そうした多くの火種のなかでも、もし実際に火を噴けば当事国だけでなく世界に大きな影響を及ぼすのがともに核保有国である中国とインドの関係。

“もし火を噴けば”という言い方をしましたが、米中対立という国際政治の最大の枠組みのなかで、アメリカ主導の対中国戦略「クアッド」へのインドの参加、中国・ロシアが対アメリカ戦略の基軸にしようとするBRICSにおけりインドの立ち位置などのように、現在の中印関係の緊張がすでに国際政治の枠組みに大きな影響を及ぼしています。

中印関係に関する昨日・今日の関連記事から2件。

****中国とインド、相違点を効果的に管理・制御=王毅外相****
中国の王毅外相は7日、インドのジャイシャンカル外相に対し、両国は相違点を効果的に管理・制御してきたと述べた。

インドネシアのバリ島で開幕した20カ国・地域(G20)外相会合に合わせて会談し、二国間関係は概して回復の勢いを見せているとした。
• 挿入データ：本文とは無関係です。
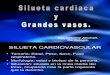 Rx Silueta Cardiaca y Grandes Vasos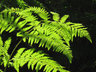 Fern C002_1547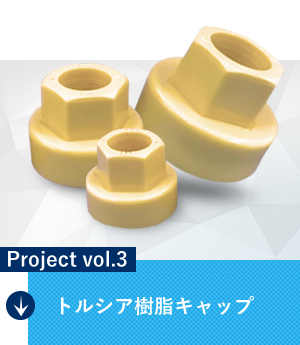Project vol.3 トルシア樹脂キャップ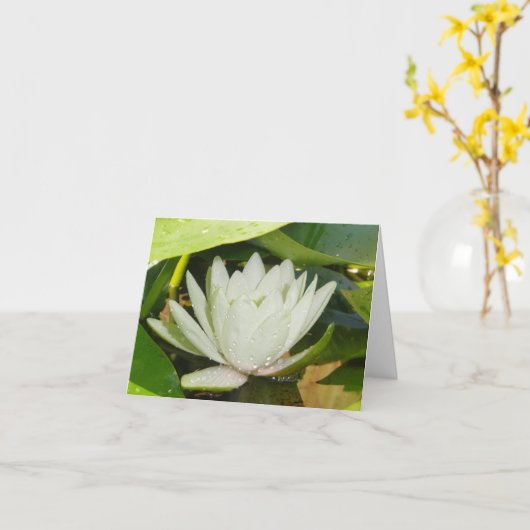 White Waterlily Sympathy Card Kaart (Gele Bloem)
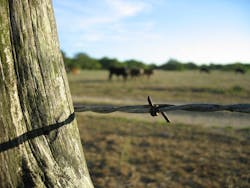 1655328044976 11 1655328044976 11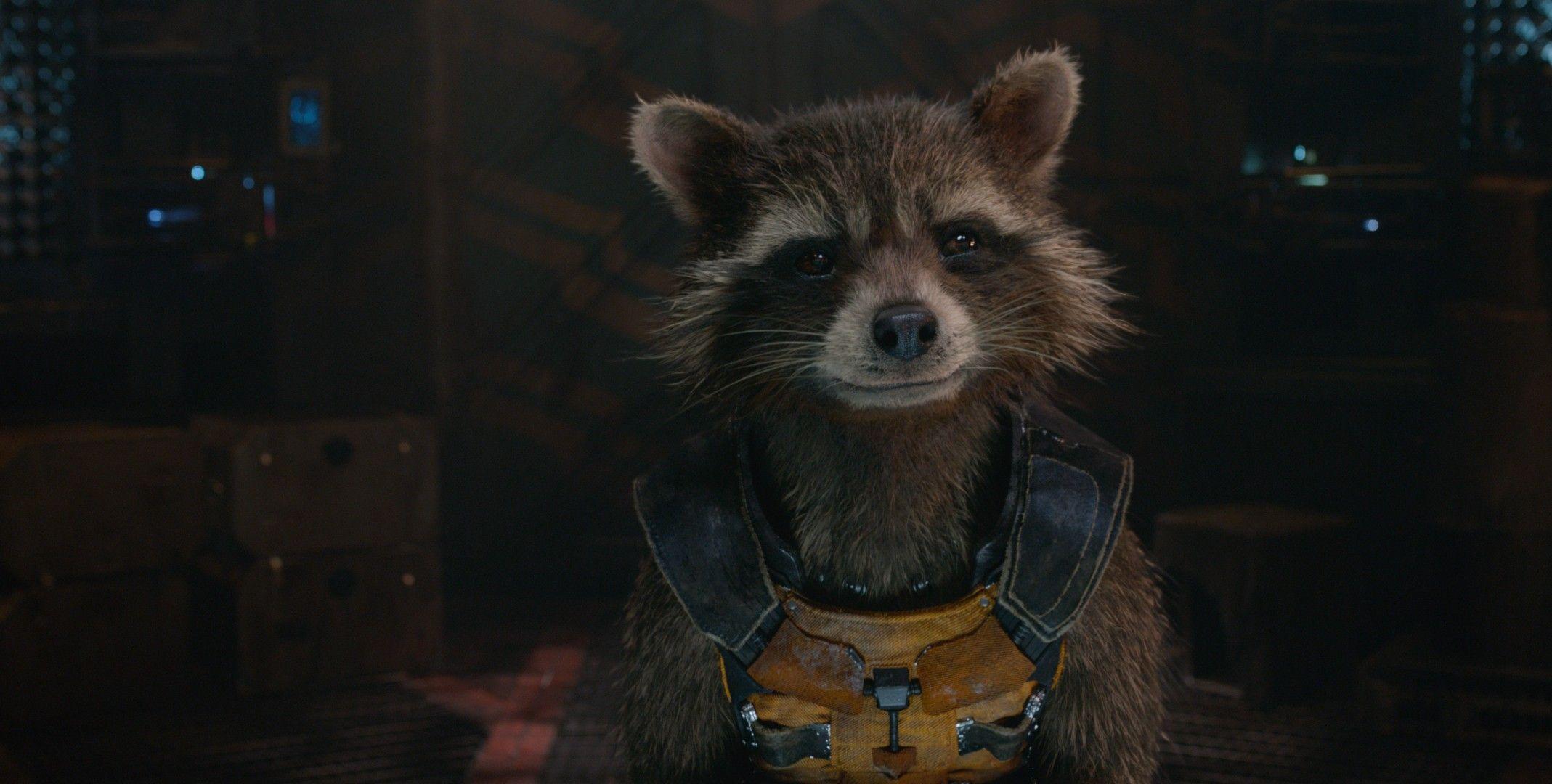 Rocket Raccoon Guardians Of The Galaxy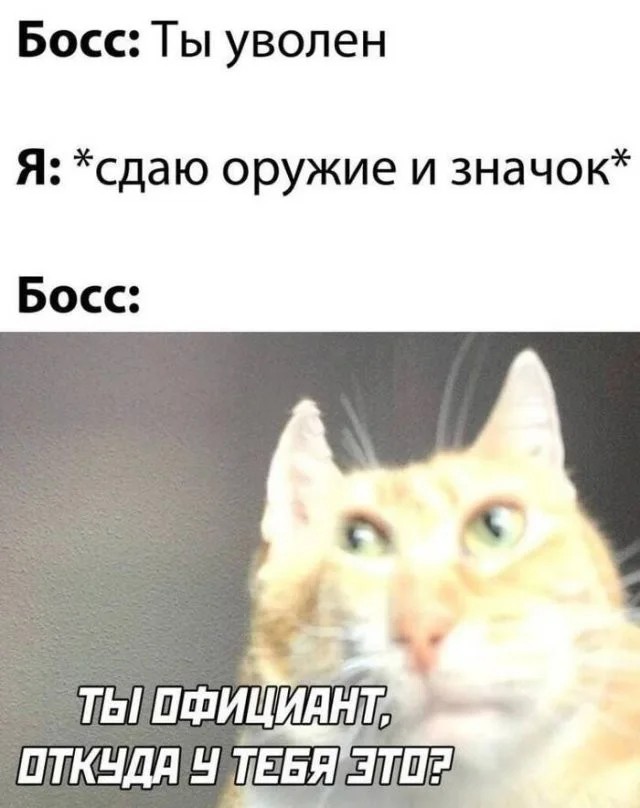 Юмор для тех, кто уже повзрослел и понял, что счастье — это когда никто не звонит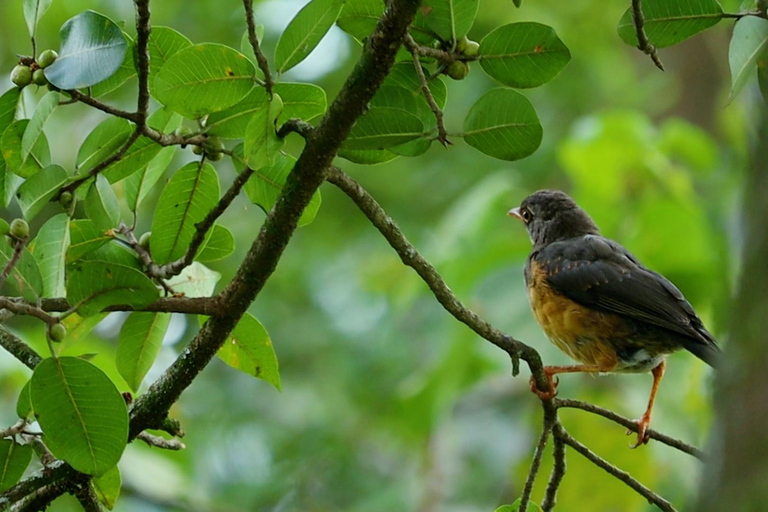 From Nairobi: Ondiri Wetland Guided Walking Tour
【7月8日 ロイター】
******************

“両国は相違点を効果的に管理・制御してきた”云々は、非常に外交的に洗練された言い回しですが、後で取り上げる中印国境の緊張状態を糊塗するものでしょう。

今年3月に王毅外相がインドを訪問した際には、普段は外交的に洗練されたもの言いのジャイシャンカル外相と王毅外相の会談は激しい言葉の応酬となり、会談終了後ジャイシャンカル外相は「(中印関係は)とても正常とは言えないね」と記者団に語ったとか。【「選択」7月号より】

下記のような話も、中印関係の緊張を反映したものでしょう。

****中国大使館がインド政府に苦言、企業への頻繁な調査で信頼低下****
在インドの中国大使館は、インド当局による中国企業の調査が相次いでおり、インドに投資する外国企業の間で信頼が低下しているとの認識を示した。

両国は2020年に国境付近の係争地で軍が衝突して以降、政治的な緊張が高まっている。インド政府は安全保障上の懸念から300以上の中国製アプリを禁止。中国の投資に対する規制を強化している。
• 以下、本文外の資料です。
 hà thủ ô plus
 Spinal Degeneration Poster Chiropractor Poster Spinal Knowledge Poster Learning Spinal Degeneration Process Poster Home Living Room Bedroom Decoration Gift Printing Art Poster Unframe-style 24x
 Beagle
インド政府の金融犯罪対策機関である執行局(ED)は5日、中国のBBKエレクトロニクス(広東歩歩高電子工業)傘下のスマートフォンメーカー、ビーボの複数の事務所と関連団体を捜索した。地元メディアによると、捜索は資金洗浄疑惑を巡る調査の一環という。

中国大使館は声明で「(こうした頻繁な調査は)インドのビジネス環境の改善を妨げ、中国企業など外国の事業体がインドで投資や業務を行う際の信頼と意欲が低下する」と表明。ビーボの調査状況を注視しているとした。
インド政府のコメントは取れていない。【7月7日 ロイター】
******************

【衝突から2年 今も両国は係争地に計10万人前後の部隊を配置】
でもって、中印関係緊張の舞台となっている国境紛争。2020年6月15日から両国の部隊が衝突し、45年ぶりに死者が出てから2年が経過しましたが、緊張が続いています。

****中国が係争地に橋、インドもインフラ整備 衝突から2年****
インド北部と中国西部が接する係争地で、中国が実効支配線を横切るパンゴン湖で大きな橋を建設していると、インドメディアが報じた。

1月に現地で確認された巨大な橋に次ぐ2本目となる。いずれも戦車の走行が可能な大きさだ。2020年6月15日から両国の部隊が衝突し、45年ぶりに死者が出てから2年。係争地では再び、緊張が高まっている。

報道によると、中国が建設した1本目の橋は全長400メートル。幅は8メートルとの情報がある。インド外務省は2本目の橋について「建設地点は中国が違法に占拠している地域にあり、決して容認できない」と強く非難した。

係争地ではインドも軍用車両の走行が可能な道路などの建設を進めてきた。中国の橋建設に対抗し、今後も係争地でインフラを整備する構えだ。

インドと中国は駐留部隊の司令官レベルで協議を重ねてきたが、緊張が緩む気配はない。インドのジャイシャンカル外相は「中国との関係は正常でない」と指摘する。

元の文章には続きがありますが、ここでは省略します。